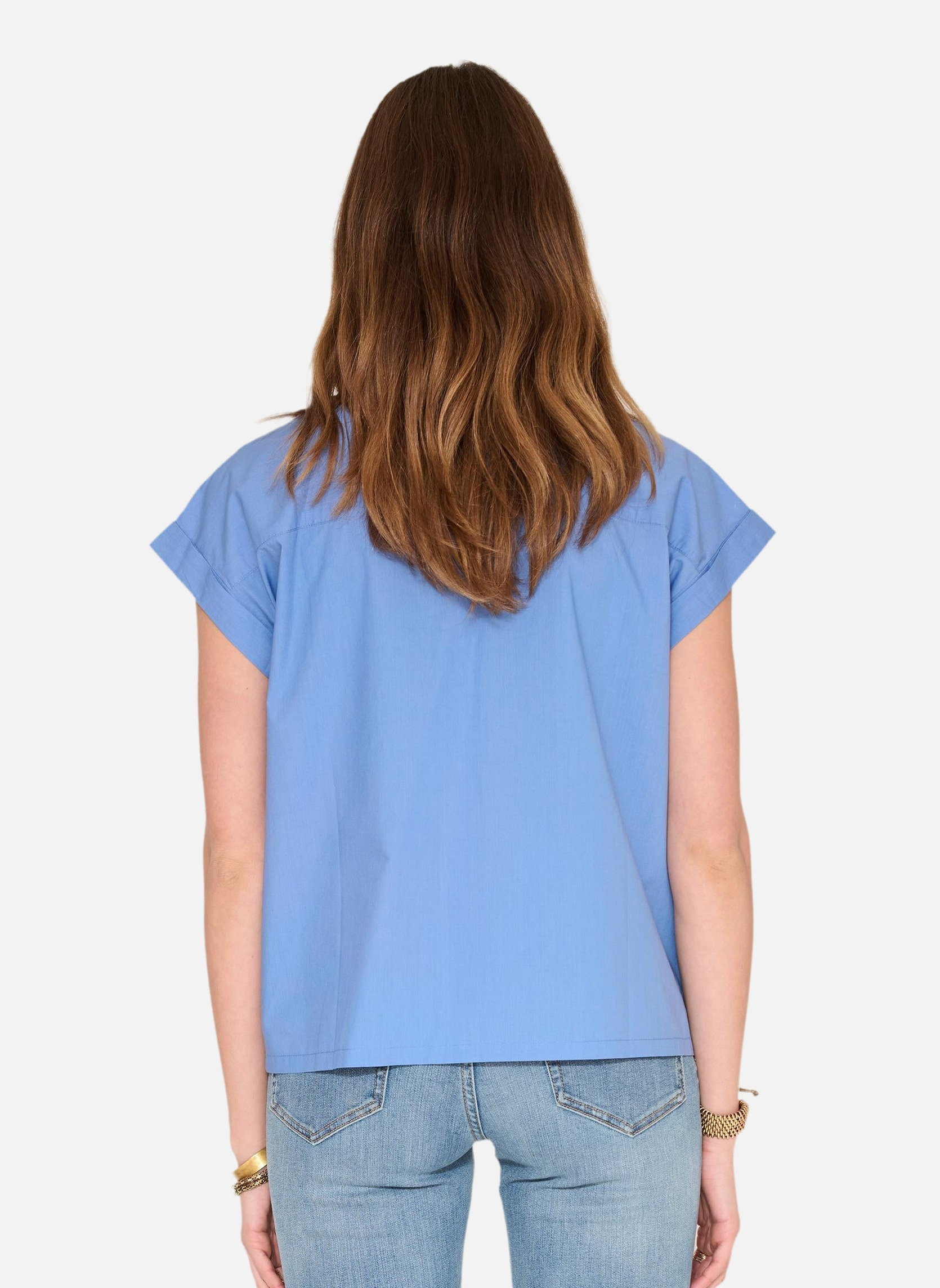 Chemises Chemise Clady Azur femme bleu MKT Studio Chemises Chemise Clady Azur femme bleu Bleu azur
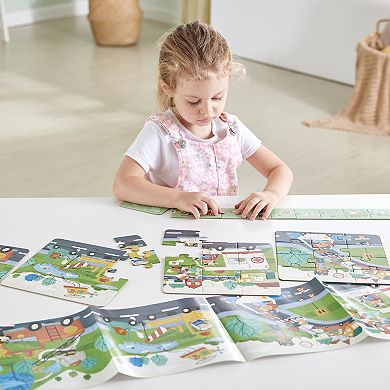 Hape Rescue Vehicles Oversized Storytelling Tile Puzzle 4-Pack
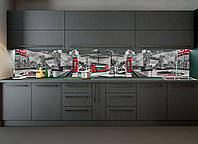 Наклейки кухонний фартух Zatarga Тауерський міст 600х2500 мм Сірий (Z180098 1) SC, код: 1836432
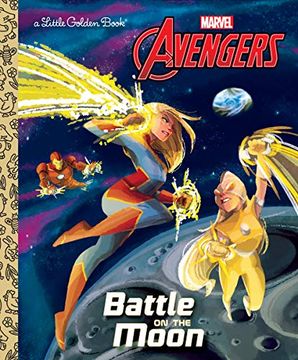 portada Battle on the Moon (Marvel Avengers) (Little Golden Book) (in English)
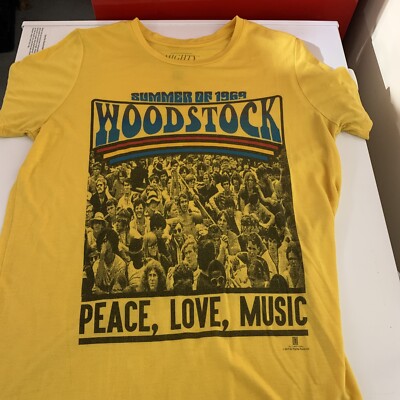 Woodstock Peace Love Music Tee | Urban Outfitters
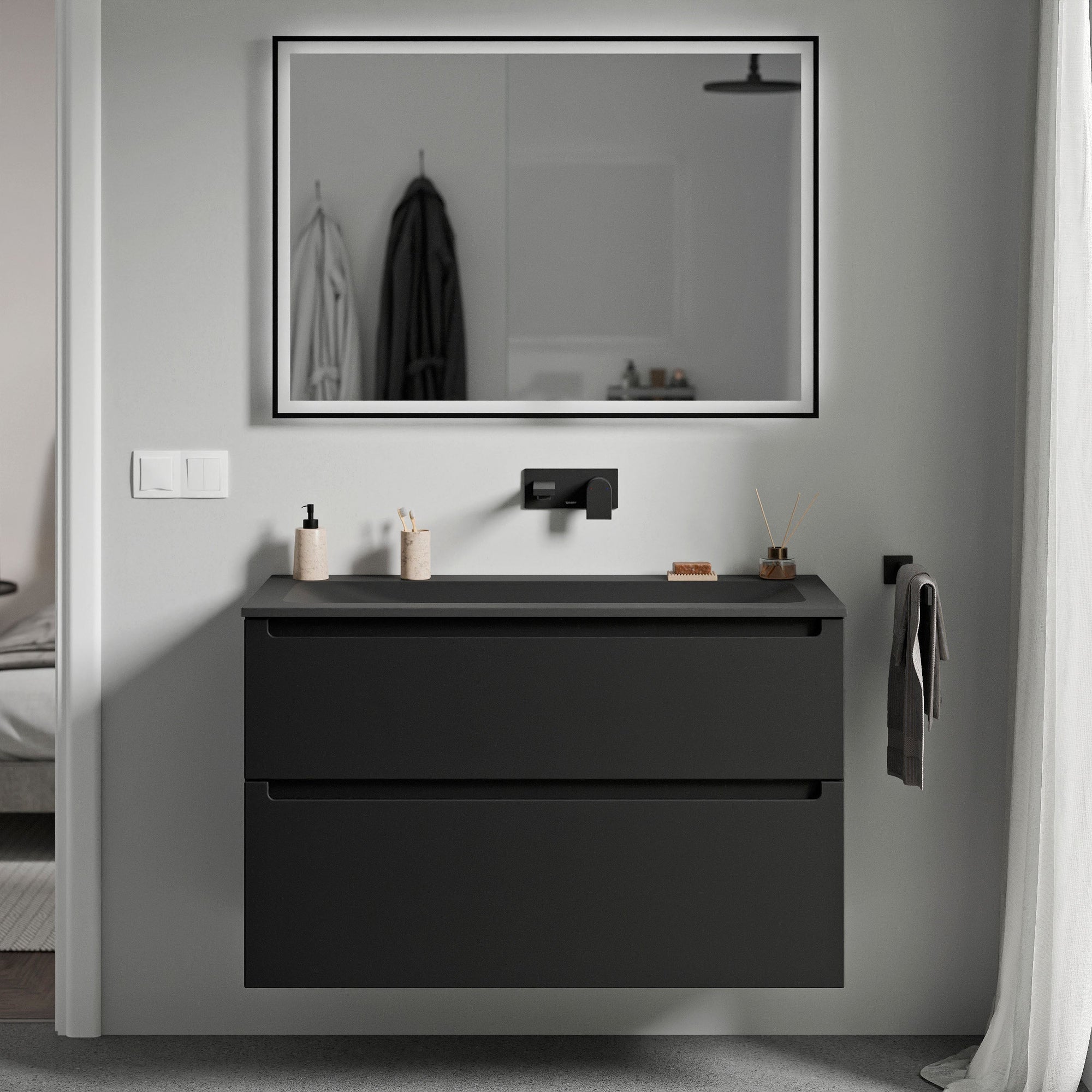 Meuble salle de bain VIREO 80 cm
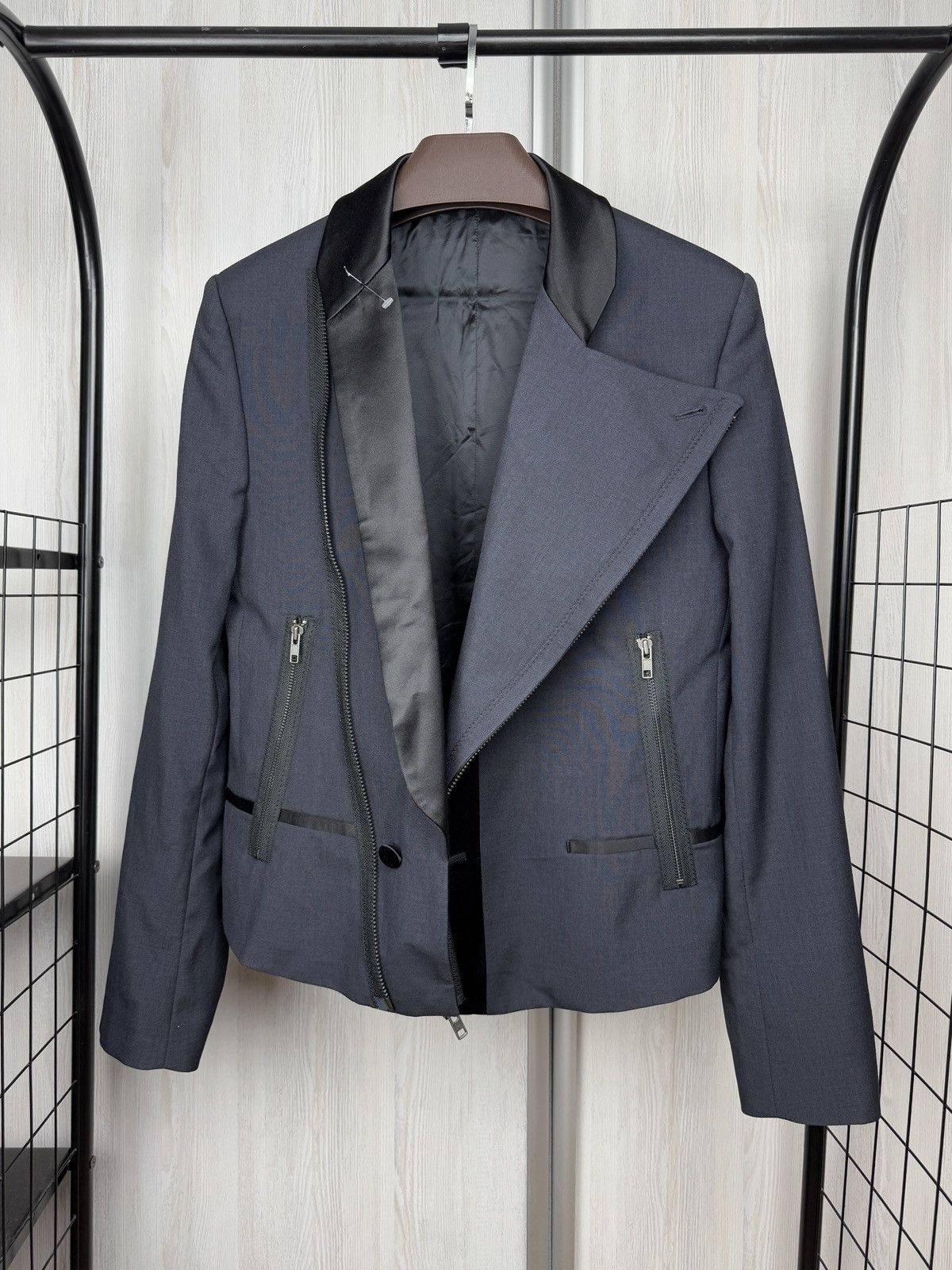 Maison Margiela Maison Margiela SS12 Panelled Lapel Hybrid Biker jacket Size US M / EU 48-50 / 2 - 12 Thumbnail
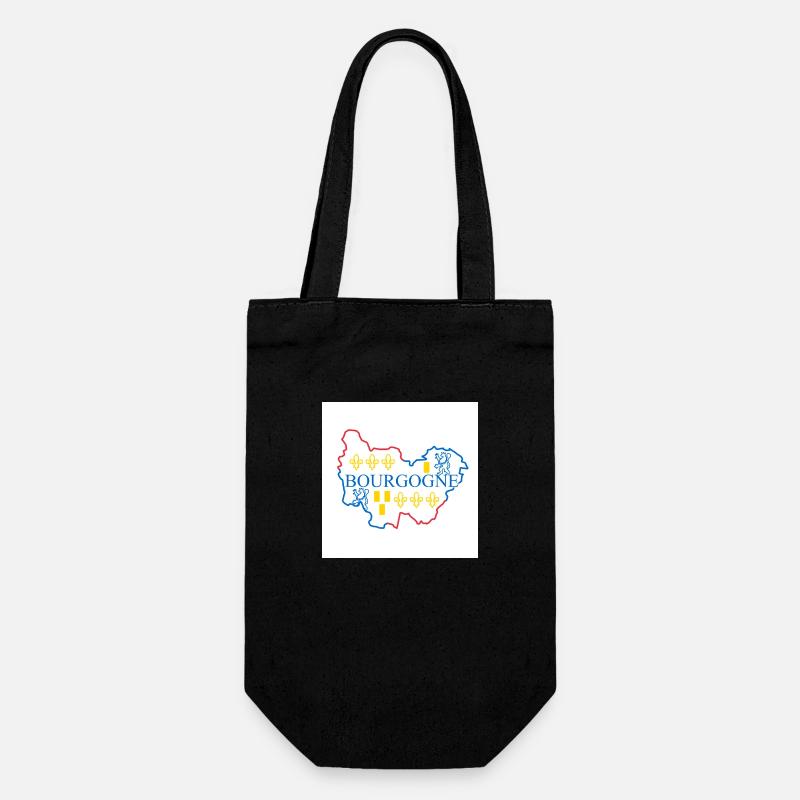 Carte de la Bourgogne - Sac à bouteille - noir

§ **Your assignment**
What you write out is the stretch of entries from the line containing "portada Battle on" to the line containing "Maison Margiela Maison", word for word, with both end lines and no pictures.

§ **Response to this task**
 portada Battle on the Moon (Marvel Avengers) (Little Golden Book) (in English)
 Woodstock Peace Love Music Tee | Urban Outfitters
 Meuble salle de bain VIREO 80 cm
 Maison Margiela Maison Margiela SS12 Panelled Lapel Hybrid Biker jacket Size US M / EU 48-50 / 2 - 12 Thumbnail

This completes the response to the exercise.